# Fasano-Franceschini Test: an Implementation of a 2-Dimensional Kolmogorov-Smirnov test in R In fasano.franceschini.test: Fasano-Franceschini Test: A 2-D Kolmogorov-Smirnov Two-Sample Test

{=html}

# Abstract {#sec:abstact}

The univariate Kolmogorov-Smirnov (KS) test is a non--parametric
statistical test designed to assess whether two samples come from the
same underlying distribution. The versatility of the KS test has made it
a cornerstone of statistical analysis across the scientific disciplines.
However, the test proposed by Kolmogorov and Smirnov does not naturally
extend to multidimensional distributions.
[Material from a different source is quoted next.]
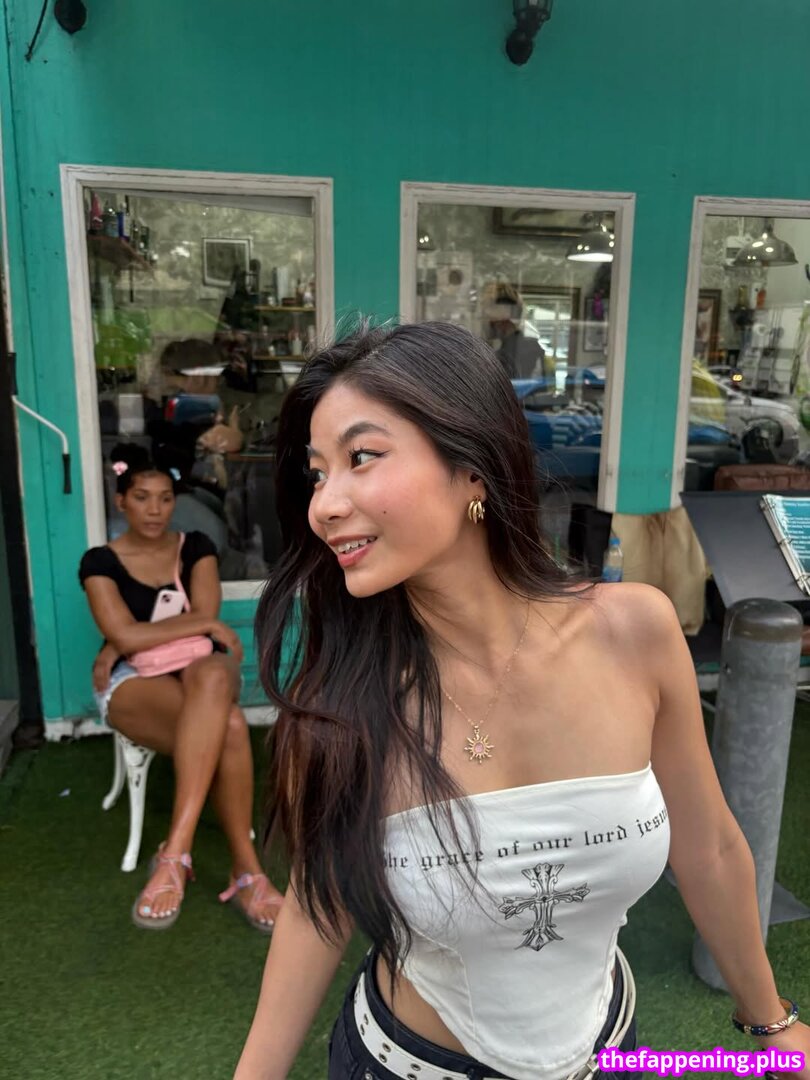 Saipetch B. / aaomhelloo Naken OnlyFans Foto #206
Here, we present the
fasano.franceschini.test package, an **R** implementation of the 2-D
KS two--sample test as defined by Fasano and Franceschini[@Fasano1987].
The fasano.franceschini.test package provides three improvements over
the current 2-D KS test on the Comprehensive **R** Archive Network
(CRAN): (i) the Fasano and Franceschini test has been shown to run in
$O(n^2)$ versus the Peacock implementation which runs in $O(n^3)$; (ii)
the package implements a procedure for handling ties in the data; and
(iii) the package implements a parallelized permutation procedure for
improved significance testing. Ultimately, the
fasano.franceschini.test package presents a robust statistical test
for analyzing random samples defined in 2-dimensions.
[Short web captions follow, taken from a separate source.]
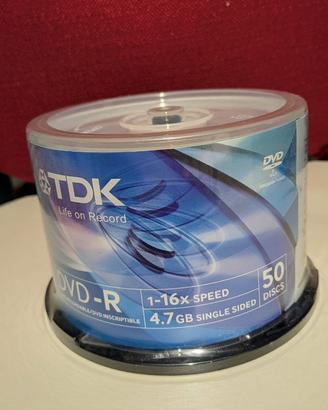Torre sigillata di 50 DVD Vergini TDK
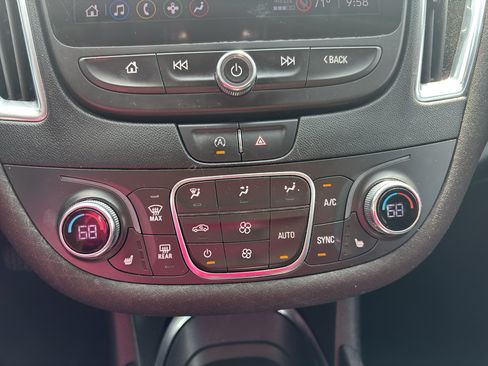 Used 2021 Chevrolet Malibu LT FWD image 18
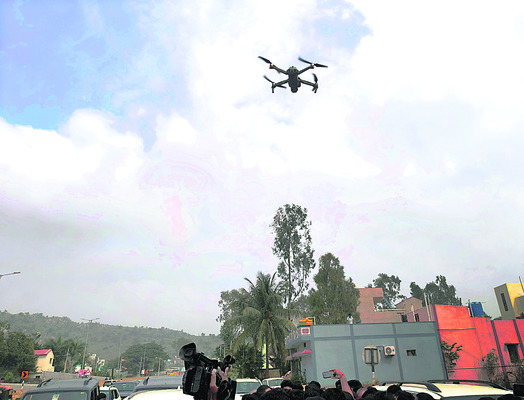 మిథున్‌రెడ్డి పర్యటనపై పోలీస్‌ నిఘా 1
# Introduction {#sec:intro}

The Kolmogorov--Smirnov (KS) is a non--parametric, univariate
statistical test designed to assess whether a set of data is consistent
with a given probability distribution (or, in the two-sample case,
whether the two samples come from the same underlying distribution).
First derived by Kolmogorov and Smirnov in a series of papers
[@Kolmogorov1933; @Kolmogorov1933a; @Smirnov1936; @Smirnov1937;
@Smirnov1939; @Smirnov1944; @Smirnov1948], the one-sample KS test
defines the distribution of the quantity $D_{KS}$, the maximal absolute
difference between the empirical cumulative distribution function (CDF)
of a set of values and a reference probability distribution. Kolmogorov
and Smirnov's key insight was proving the distribution of $D_{KS}$ was
independent of the CDFs being tested. Thus, the test can effectively be
used to compare any univariate empirical data distribution to any
continuous univariate reference distribution. The two-sample KS test
could further be used to compare any two univariate empirical data
distributions against each other to determine if they are drawn from the
same underlying univariate distribution.

The nonparametric versatility of the univariate KS test has made it a
cornerstone of statistical analysis and is commonly used across the
scientific disciplines [@Atasoy2017; @Chiang2018; @Hahne2018;
@Hargreaves2020; @Wong2020; @Kaczanowska2021]. However, the KS test as
proposed by Kolmogorov and Smirnov does not naturally extend to
distributions in more than one dimension. Fortunately, a solution to the
dimensionality issue was articulated by Peacock [@Peacock1983] and later
extended by Fasano and Franceschini [@Fasano1987].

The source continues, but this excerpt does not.